Using such tactics “is a high-yield activity, and fits into a larger trend where criminals turn compromised servers at hosting facilities into weapons,” according to the APWG. “Hosting facilities contain large numbers of often powerful servers, and have large ‘pipes’ through which large amounts of traffic can be sent. These setups offer significantly more computing power and bandwidth than scattered home PCs.”
These resources can be leveraged in a number of ways, including launching distributed denial-of-service (DDoS) attacks.

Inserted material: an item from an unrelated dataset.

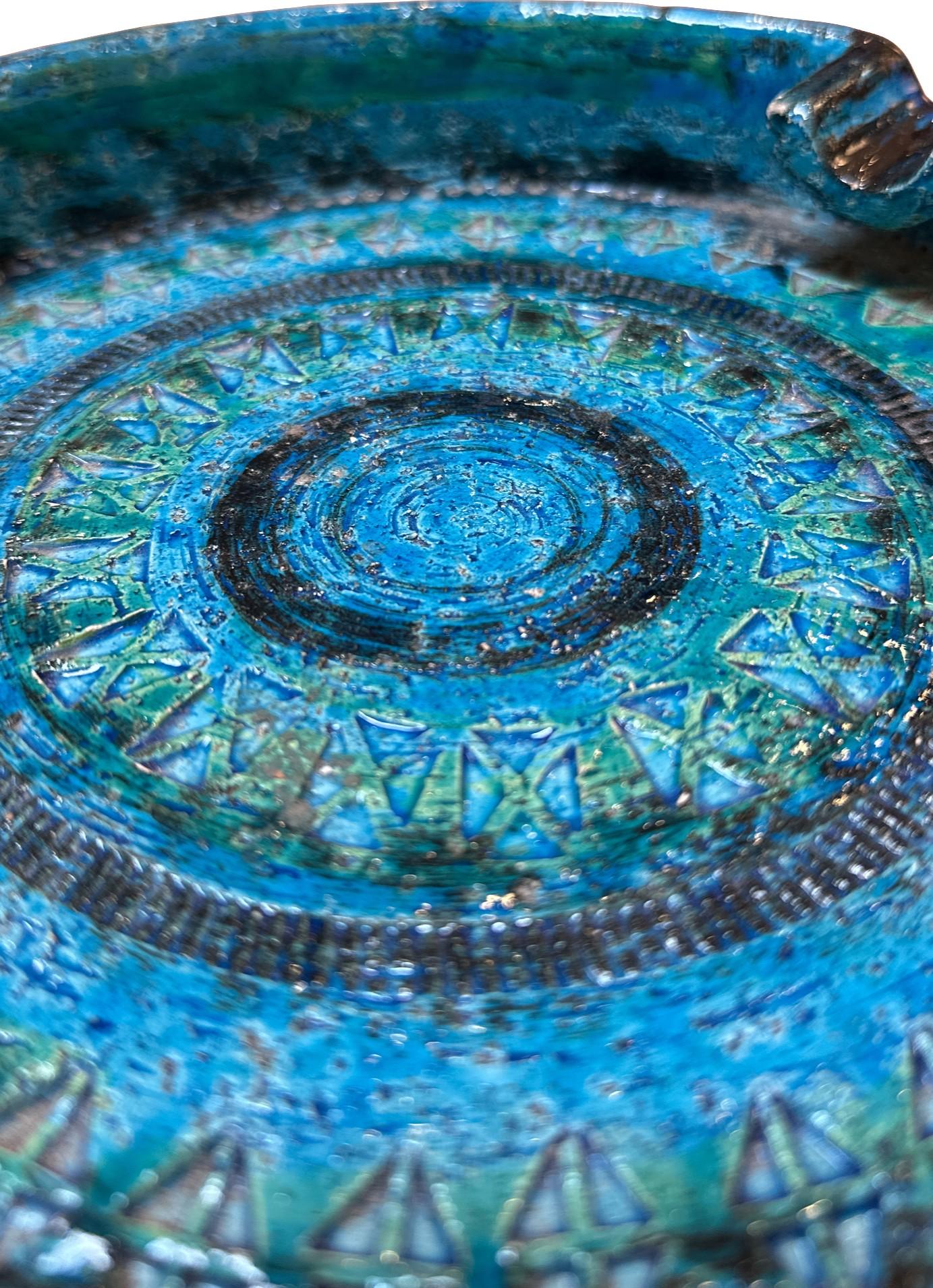 Cenicero/receptor italiano moderno de mediados de siglo de Aldo Londi para Bitossi en venta 1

In late 2012, cyber-criminals hacked into server farms to launch DDoS attacks against banks in the United States in what the attackers called “Operation Ababil.”
In its latest data breach report for 2012, Verizon noted that the proportion of breaches using social-engineering tactics such as phishing was four times higher in 2012 than in 2011. According to Verizon, in 30 percent of the breaches involving enterprises, the victim of the phish was at the executive level, while 27 percent of the cases involved a victim at the managerial level. Among small and midsize businesses, 13 percent of the phishing attacks involved cashiers.
In 69 percent of the breaches, the attacked organization was not the one who discovered they had been victimized. Instead, it was a third party.
“We really have two concerns,” said Jay Jacobs, senior analyst with Verizon’s RISK Team. “It takes a long time to discover a breach—66 percent were a month or longer—and even then, organizations are not actively discovering breaches themselves,” Jacobs said.
“This may be caused by a focus on preventing a breach rather than detecting them, causing some organizations to not implement safeguards, such as log review or other detection mechanisms. Another possible cause may be the active detection processes are either not working or are misconfigured and/or under-staffed,” he said.
“Either way, the only thing we do know for sure is that there are opportunities to improve on the internal detection of breaches,” he said.